Trustees used an April 9 board meeting to press administrators for clearer mechanisms that ensure coordinated messaging between the board president and the superintendent and to reaffirm the district's small class‑size priorities.
Member Howard Hills (addressed in the meeting as "member Hills") framed the question around policy: when the board president and superintendent share communication authority, what procedures exist to avoid conflicting public statements? "What mechanisms for collaboration are there, and what mechanisms are there for when there is a disagreement about something?" he asked.
The superintendent said the district has delegated communications authority under board policy 1.100 while also recognizing the board president's duties in bylaws cited during the meeting. He said the administration and board president have used written memos, an "It's a Wrap" process and regular email sign‑offs to document collaborative messages and that a revised communications plan incorporating the January memo, LCAP feedback, and committee recommendations is being drafted for the school year.
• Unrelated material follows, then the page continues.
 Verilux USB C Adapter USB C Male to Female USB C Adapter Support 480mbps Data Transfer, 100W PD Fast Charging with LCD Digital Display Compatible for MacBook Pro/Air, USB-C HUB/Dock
The communications director (referred to in the meeting by trustees and by staff) told the board the updated plan will clarify key messages, audience segmentation and metrics and will incorporate formal committee recommendations (arts, transportation) before being presented to the board.
The staffing report that followed emphasized the district's relatively small class sizes. Staff presented publicly available CALPADS figures and internal summaries showing K–2 classes are smaller while many secondary averages sit in the low‑20s; presenters cautioned that public reporting sometimes includes small intervention classes that influence averages and urged care in cross‑district comparisons.
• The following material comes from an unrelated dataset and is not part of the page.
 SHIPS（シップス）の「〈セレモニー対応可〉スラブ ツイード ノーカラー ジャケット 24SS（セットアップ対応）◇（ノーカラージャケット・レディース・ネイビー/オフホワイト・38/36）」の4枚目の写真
Public comment was strongly protective of the district's staffing levels. Teacher and parent speakers said small classes support instruction, social‑emotional safety and student outcomes; several referenced well‑known studies and local experience and urged the board not to sacrifice class‑size levels during budget or bargaining conversations. "When you start to meddle with class sizes, you have to be very careful," said Danielle Rotersheimer during public comment.
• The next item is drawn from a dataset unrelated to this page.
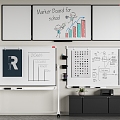 Office whiteboard mobile kanban magnetic whiteboard message board 3d model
A separate topic raised in the staffing discussion was an early, preliminary look at a possible retirement‑incentive program. Staff said the district used a demographic vendor (Pars) to model potential retirements but did not advance to a full offer because of concerns that an incentive program would create a multi‑year liability, could affect credit rating and complicate near‑term budget planning. The district said it communicated to staff why it did not pursue the incentive further.
What the board did: the item was informational. Trustees and staff agreed to continue the dialogue, preserve class‑size priorities in bargaining and incorporate stakeholder committee feedback into the communications plan. A governance discussion elsewhere on the agenda was postponed to a later meeting by motion.